Per i dati che illustrano il passaggio al mercato del lavoro, i valori medi sono poco significativi, mentre lo sono i dati regionali: le differenze fra regioni sono quasi pari a quelle fra i diversi Paesi Oecd! Per la partecipazione della classe 20-29 ad attività di formazione, la prima regione del Sud, la Campania, è al dodicesimo posto. Ci sono anche dati apparentemente contraddittori, come la Valle d’Aosta e Bolzano agli ultimi due posti, ma il fatto che le stesse due zone siano ai primi posti nel tasso di occupazione dei diplomati ci dice che non sono nel sistema formativo perché hanno già trovato lavoro. La gran parte delle regioni del Sud e le Isole, invece, sono agli ultimi posti sia per la formazione che per l’occupazione, e infatti sono quelle in cui troviamo il maggior numero di Neet. Il divario è sensibilissimo: nella classe 25-34 i laureati occupati sono in Lombardia circa l’80%, in Calabria e Sicilia più o meno la metà. I tassi di occupazione dei giovani laureati, già bassi, sono calati di una decina di punti negli ultimi dieci anni, e sono intorno al 65%, valore superiore solo all’Arabia Saudita… Sembra paradossale che in tutti i paesi tranne tre (appunto, l’Italia, l’Arabia Saudita e la Repubblica Ceca) il tasso di occupazione dei laureati giovani sia inferiore a quello della fascia 55-64, ma esiste una spiegazione strutturale di questa disparità, ed è che in quella classe di età in valore assoluto i laureati erano molto meno che nella classe più giovane, e quindi non è difficile raggiungere una percentuale più alta: inoltre, i più vecchi hanno già scontato i tempi di attesa del primo lavoro.
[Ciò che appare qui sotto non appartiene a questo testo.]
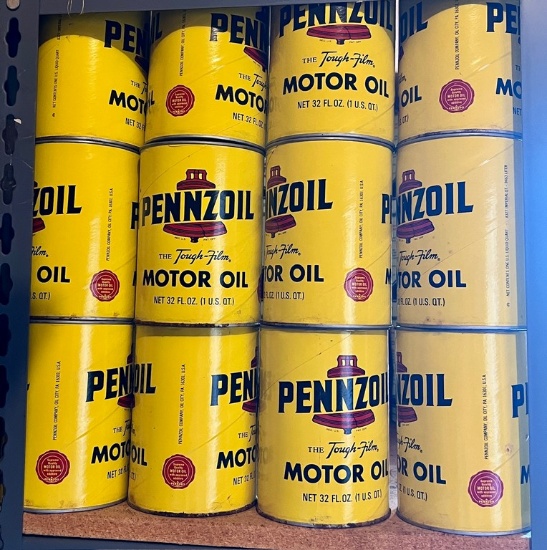 Penzoil Motor Tough Film Oil Cans FULL
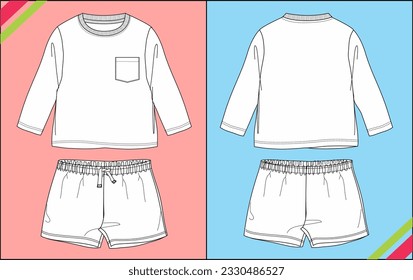 GIRLS CREW NECK, FULL SLEEVE TOP AND BOTTOM SHORTS, FORNT POCKET, FRONT AND BACK VIEW TECHNICAL FASHION FLAT SKETCH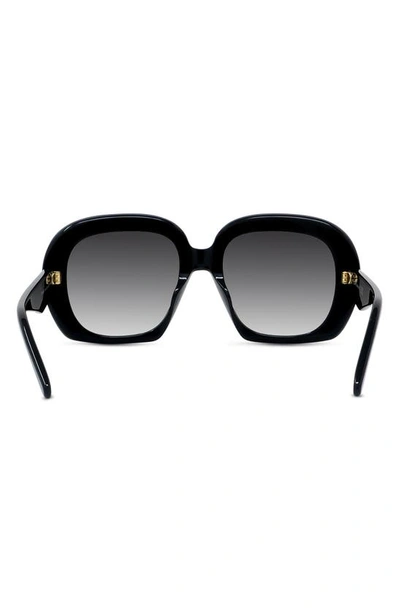Shop Loewe Curvy 53mm Square Sunglasses In Shiny Black / Gradient Smoke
Ci sono alcune considerazioni interessanti, anche se non nuove, sul lavoro degli immigrati. Se in linea di massima le probabilità di trovare lavoro sono più elevate per gli adulti autoctoni, che sono anche pagati di più, i posti disponibili per lavoratori a basso livello di istruzione sono occupati soprattutto da stranieri: la condizione in cui è più difficile trovare un lavoro è quella di chi è arrivato con un titolo di studio conseguito in patria. Il fatto che i laureati stranieri siano pagati il 44% in meno induce a pensare che molti di loro si adattino a fare un lavoro per cui sarebbero sovraqualificati, che è più facile da trovare e per cui la differenza di retribuzione fra italiani e stranieri è minore (12%). Non solo in Italia arrivano immigrati poco qualificati, ma in qualche misura il paese “spreca” il capitale umano dei migranti con elevato titolo di studio.  
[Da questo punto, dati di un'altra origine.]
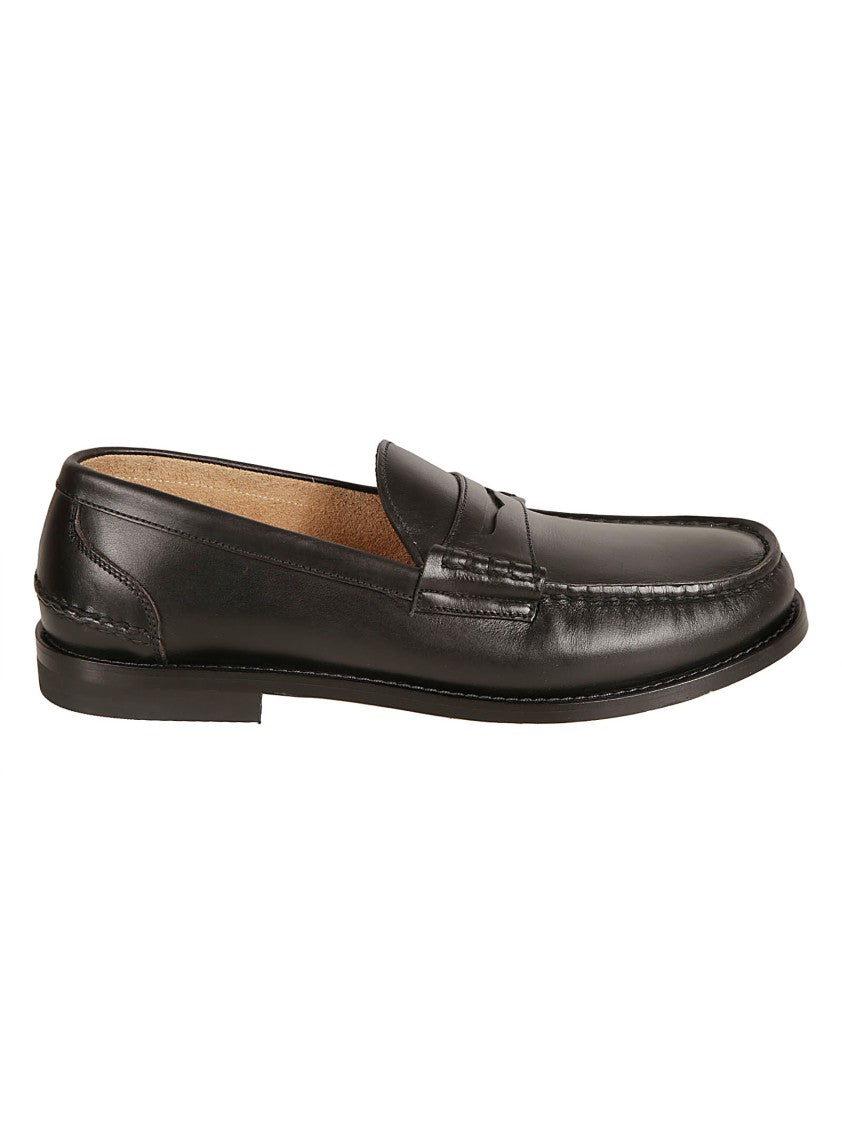 Minimalist Black Calf Leather Flat Shoes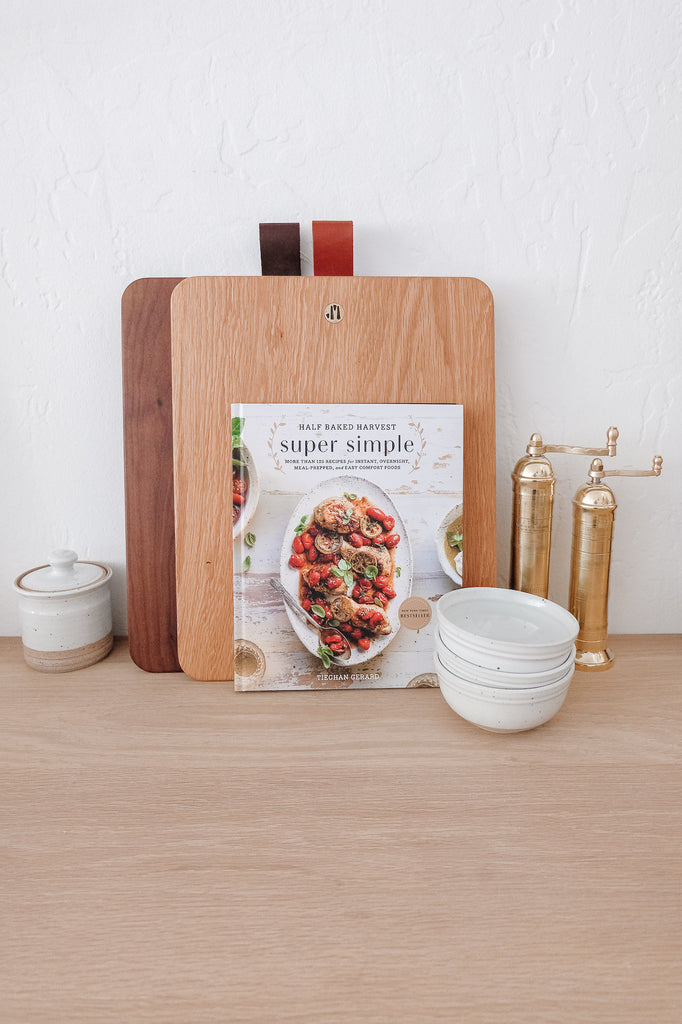 Styled Half Baked Harvest book with Jacob May Cutting Boards and Hand thrown Ceramic bowls - Saffron and Poe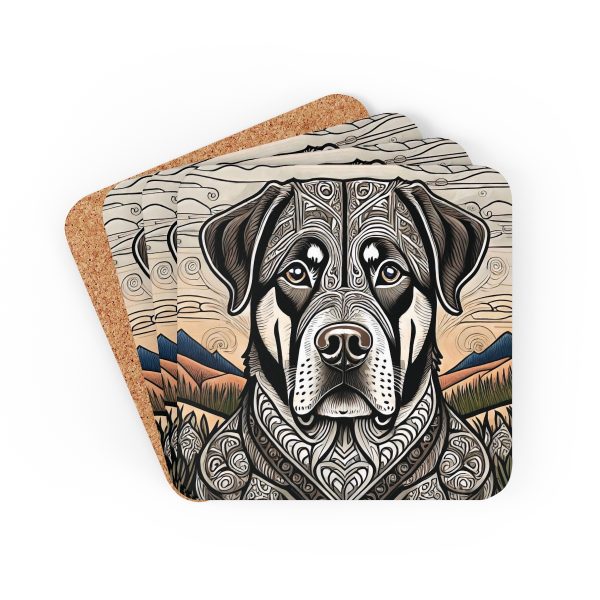 Rottweiler #2, Corkwood Coaster Set - Image 6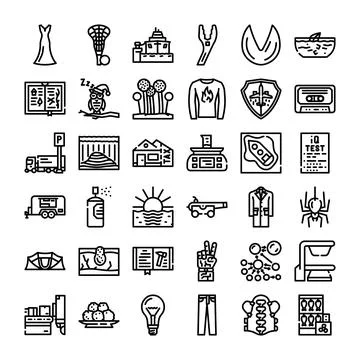Diverse object icon set line art graphics collection Stock Illustration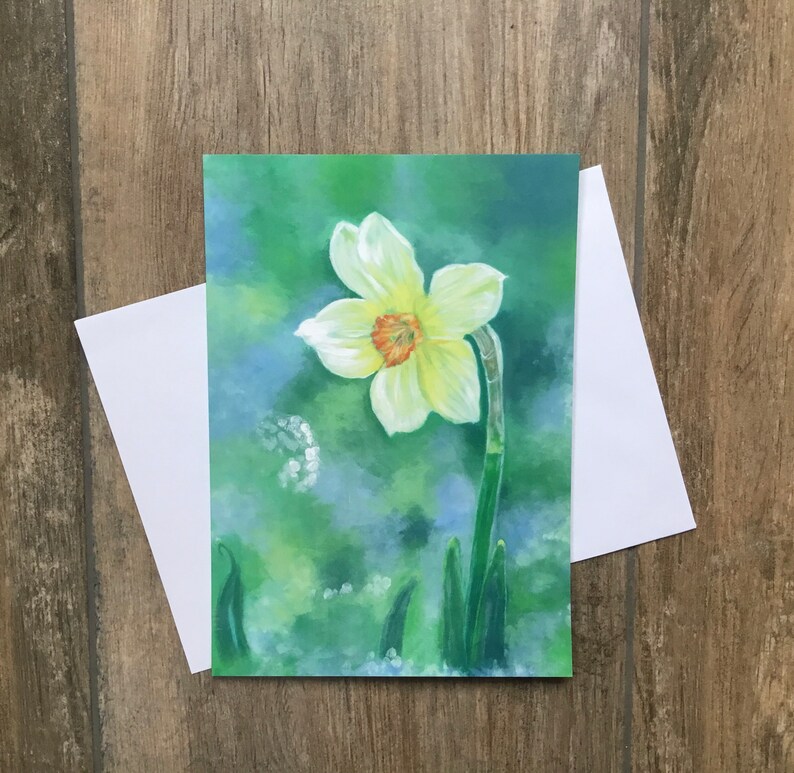 Large daffodil greeting card by UK artist Janet Bird image 1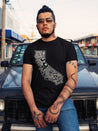 hispanic man wearing Mexican pride-themed black t-shirt for Latino men, featuring the state of California filled with Aztec-inspired art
Sugli insegnanti e l’organizzazione scolastica, nulla di nuovo, anche se non vale il detto “nessuna nuova, buona nuova”: la spesa per l’istruzione è cresciuta, ma solo per tornare ai livelli del 2010, e resta inferiore a quella media dei paesi Oecd, di pochissimo per l’istruzione primaria (99%) e secondaria di primo grado (95%), di più nella secondaria di secondo grado (89%) e soprattutto nell’università, 73% se si include anche la spesa per ricerca e sviluppo. I dati sul corpo docente non tengono conto delle massicce immissioni degli ultimi due anni, ma resta il fatto che l’età media era altissima, con un 58% dei docenti che aveva almeno cinquant’anni. La maggioranza di donne è costante, dal 99% nella scuola pre-primaria al 63% della scuola secondaria di secondo grado: le donne sono in minoranza nell’università, ma nelle generazioni più giovani c’è un maggior equilibrio di genere. Le retribuzioni sono diminuite costantemente in termini reali fra il 2010 e il 2016, e sono inferiori alla media Oecd sia per i livelli iniziali che nel corso della carriera. La retribuzione andrebbe rapportata al carico di lavoro (numero di studenti per classi, rapporto insegnanti/alunni, ore di presenza in scuola), ma lo svantaggio resta. Non si tiene ovviamente conto dei recenti aumenti contrattuali. Considero negativo non tanto l’ammontare della retribuzione in sé, quanto il fatto che non sia previsto nessun tipo di incremento che non sia legato all’anzianità: i timidi tentativi di introdurre meccanismi di merito sono stati in pratica annullati.